__EXERCISE__
Restate word for word only the lines running from the one with "Halo Gleam French Wire Earrings" to the end of the data, both ends included. Omit any pictures.

__RECORDED INFORMATION__
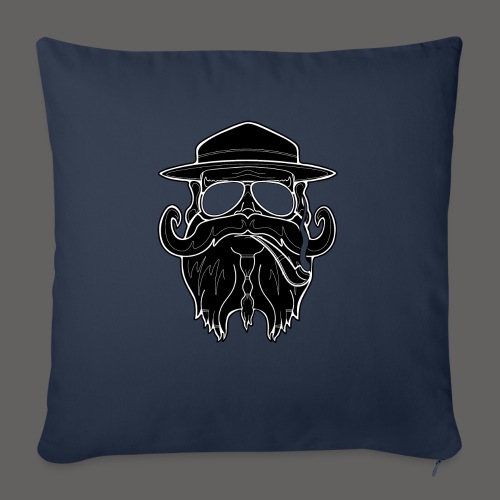 OldSchoolBiker - Throw Pillow Cover 17.5” x 17.5”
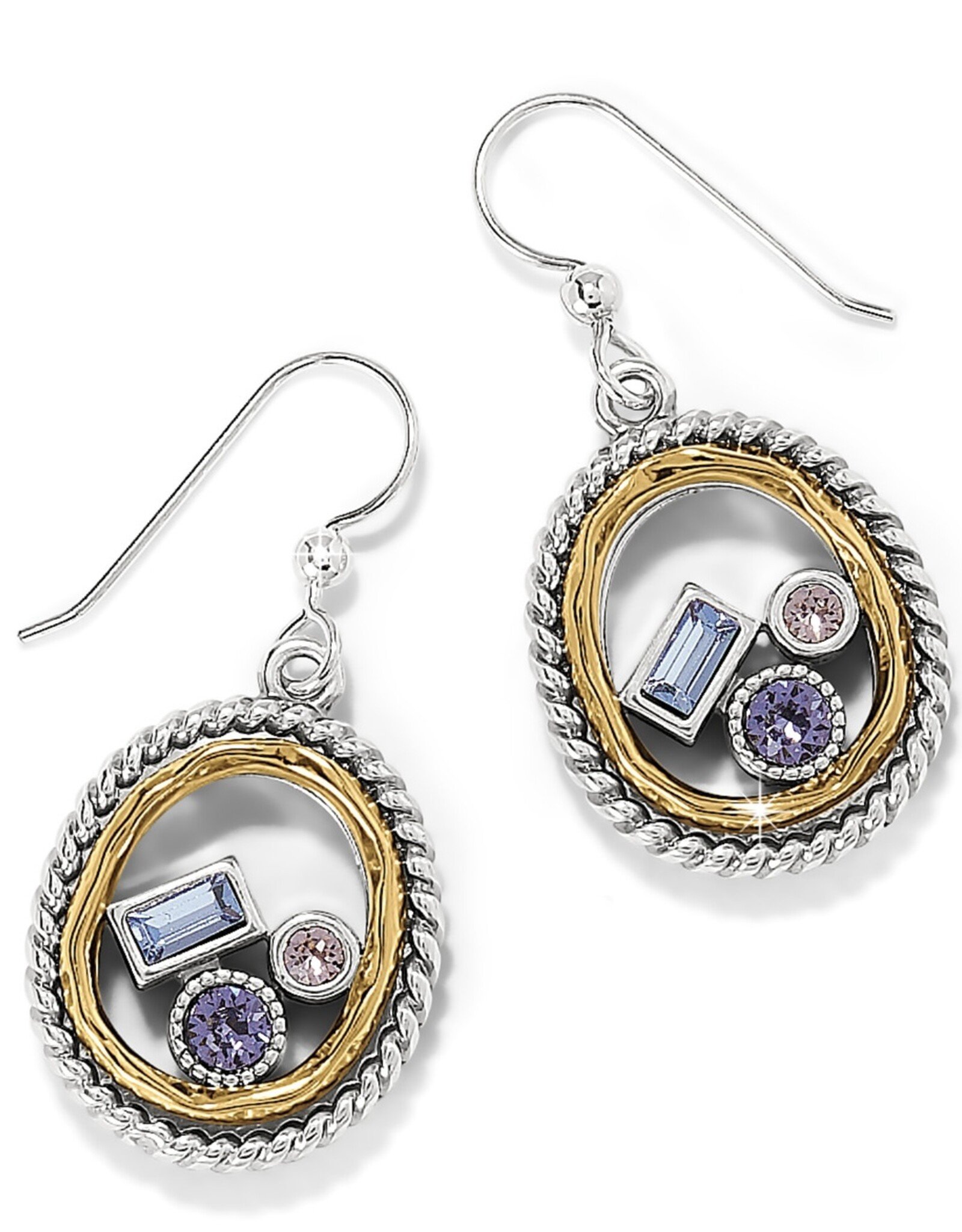 Halo Gleam French Wire Earrings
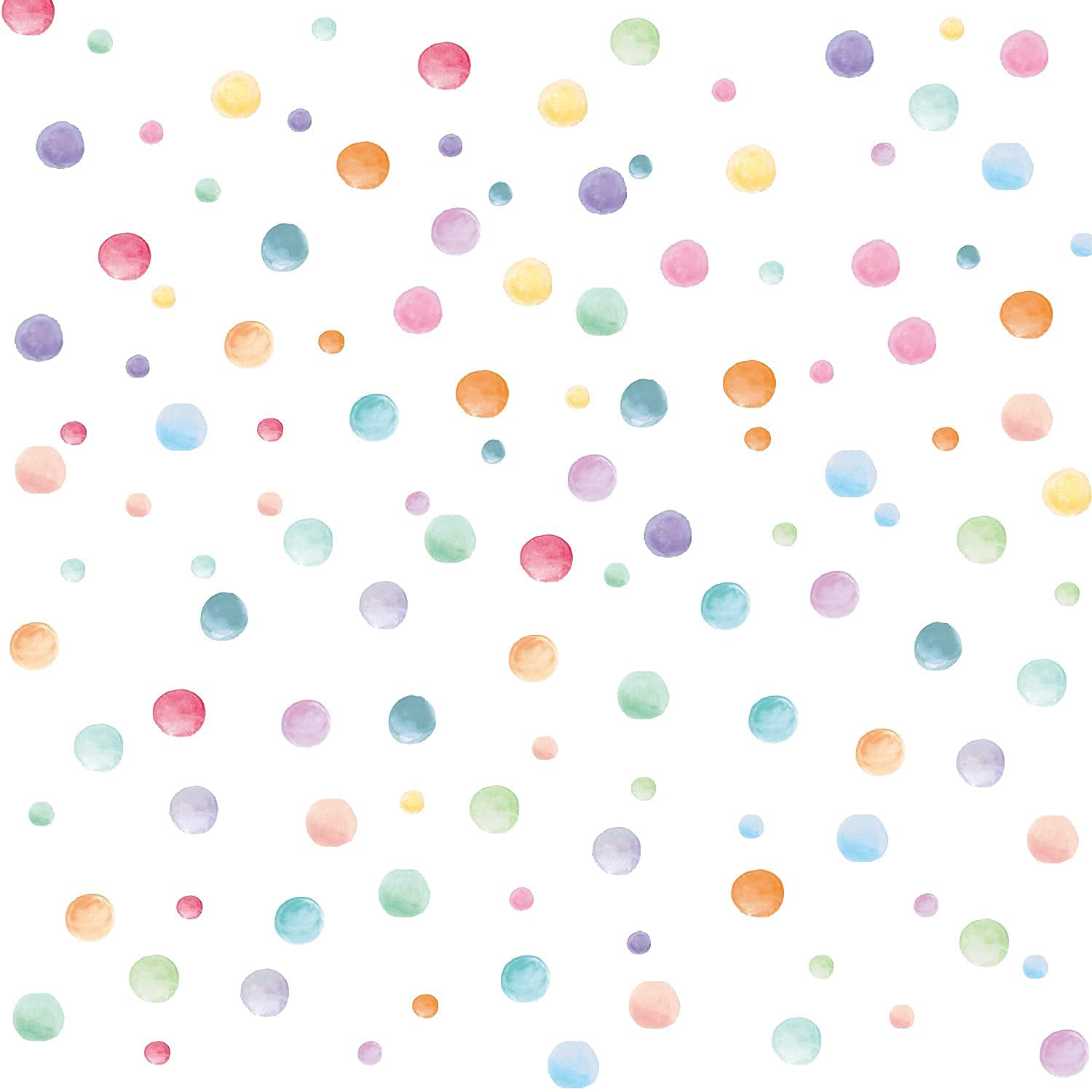 123 Pcs Pastel Polka Dots Wall Stickers  Colorful Round Wall Decal  Peel and Stick Rainbow Wall Stickers  Multicolor Circle Window Clings Decoration for Nursery Wallpaper Kids Bedroom Classroom Wall Decor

__RESPONSE TO THIS EXERCISE__
 Halo Gleam French Wire Earrings
 123 Pcs Pastel Polka Dots Wall Stickers  Colorful Round Wall Decal  Peel and Stick Rainbow Wall Stickers  Multicolor Circle Window Clings Decoration for Nursery Wallpaper Kids Bedroom Classroom Wall Decor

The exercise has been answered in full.